_Required work_
Character for character, reproduce every entry below.

Saved entries:
--- --- ---

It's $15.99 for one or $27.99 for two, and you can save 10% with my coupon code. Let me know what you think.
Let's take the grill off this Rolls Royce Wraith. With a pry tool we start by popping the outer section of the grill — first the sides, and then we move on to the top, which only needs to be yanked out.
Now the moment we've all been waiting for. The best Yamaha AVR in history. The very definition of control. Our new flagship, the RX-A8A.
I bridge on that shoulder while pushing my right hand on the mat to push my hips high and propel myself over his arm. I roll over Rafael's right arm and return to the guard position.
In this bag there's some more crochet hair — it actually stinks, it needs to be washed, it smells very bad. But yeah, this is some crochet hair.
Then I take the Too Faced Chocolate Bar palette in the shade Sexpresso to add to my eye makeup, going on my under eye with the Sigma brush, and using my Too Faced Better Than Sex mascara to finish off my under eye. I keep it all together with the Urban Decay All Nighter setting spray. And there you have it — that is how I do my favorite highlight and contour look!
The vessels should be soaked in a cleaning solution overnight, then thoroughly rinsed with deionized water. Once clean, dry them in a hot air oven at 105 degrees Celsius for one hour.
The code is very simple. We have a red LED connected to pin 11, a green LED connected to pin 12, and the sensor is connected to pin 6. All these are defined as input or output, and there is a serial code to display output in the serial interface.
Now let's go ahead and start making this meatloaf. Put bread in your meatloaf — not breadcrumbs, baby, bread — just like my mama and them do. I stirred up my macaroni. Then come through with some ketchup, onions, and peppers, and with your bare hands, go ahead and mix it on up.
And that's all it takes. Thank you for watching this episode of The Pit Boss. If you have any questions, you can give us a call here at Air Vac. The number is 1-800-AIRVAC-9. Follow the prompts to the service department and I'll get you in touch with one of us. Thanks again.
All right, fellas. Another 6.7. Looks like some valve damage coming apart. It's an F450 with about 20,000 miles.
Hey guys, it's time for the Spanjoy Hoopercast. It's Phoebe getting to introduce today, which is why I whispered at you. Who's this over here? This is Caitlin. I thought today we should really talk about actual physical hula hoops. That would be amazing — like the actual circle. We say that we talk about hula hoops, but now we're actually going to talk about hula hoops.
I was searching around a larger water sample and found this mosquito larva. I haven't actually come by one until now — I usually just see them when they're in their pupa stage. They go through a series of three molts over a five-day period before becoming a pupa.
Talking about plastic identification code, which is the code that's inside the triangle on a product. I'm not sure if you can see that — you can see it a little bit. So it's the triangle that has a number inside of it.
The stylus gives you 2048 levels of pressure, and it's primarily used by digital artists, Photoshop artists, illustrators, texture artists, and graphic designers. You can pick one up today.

--- --- ---

_Task response_
It's $15.99 for one or $27.99 for two, and you can save 10% with my coupon code. Let me know what you think.
Let's take the grill off this Rolls Royce Wraith. With a pry tool we start by popping the outer section of the grill — first the sides, and then we move on to the top, which only needs to be yanked out.
Now the moment we've all been waiting for. The best Yamaha AVR in history. The very definition of control. Our new flagship, the RX-A8A.
I bridge on that shoulder while pushing my right hand on the mat to push my hips high and propel myself over his arm. I roll over Rafael's right arm and return to the guard position.
In this bag there's some more crochet hair — it actually stinks, it needs to be washed, it smells very bad. But yeah, this is some crochet hair.
Then I take the Too Faced Chocolate Bar palette in the shade Sexpresso to add to my eye makeup, going on my under eye with the Sigma brush, and using my Too Faced Better Than Sex mascara to finish off my under eye. I keep it all together with the Urban Decay All Nighter setting spray. And there you have it — that is how I do my favorite highlight and contour look!
The vessels should be soaked in a cleaning solution overnight, then thoroughly rinsed with deionized water. Once clean, dry them in a hot air oven at 105 degrees Celsius for one hour.
The code is very simple. We have a red LED connected to pin 11, a green LED connected to pin 12, and the sensor is connected to pin 6. All these are defined as input or output, and there is a serial code to display output in the serial interface.
Now let's go ahead and start making this meatloaf. Put bread in your meatloaf — not breadcrumbs, baby, bread — just like my mama and them do. I stirred up my macaroni. Then come through with some ketchup, onions, and peppers, and with your bare hands, go ahead and mix it on up.
And that's all it takes. Thank you for watching this episode of The Pit Boss. If you have any questions, you can give us a call here at Air Vac. The number is 1-800-AIRVAC-9. Follow the prompts to the service department and I'll get you in touch with one of us. Thanks again.
All right, fellas. Another 6.7. Looks like some valve damage coming apart. It's an F450 with about 20,000 miles.
Hey guys, it's time for the Spanjoy Hoopercast. It's Phoebe getting to introduce today, which is why I whispered at you. Who's this over here? This is Caitlin. I thought today we should really talk about actual physical hula hoops. That would be amazing — like the actual circle. We say that we talk about hula hoops, but now we're actually going to talk about hula hoops.
I was searching around a larger water sample and found this mosquito larva. I haven't actually come by one until now — I usually just see them when they're in their pupa stage. They go through a series of three molts over a five-day period before becoming a pupa.
Talking about plastic identification code, which is the code that's inside the triangle on a product. I'm not sure if you can see that — you can see it a little bit. So it's the triangle that has a number inside of it.
The stylus gives you 2048 levels of pressure, and it's primarily used by digital artists, Photoshop artists, illustrators, texture artists, and graphic designers. You can pick one up today.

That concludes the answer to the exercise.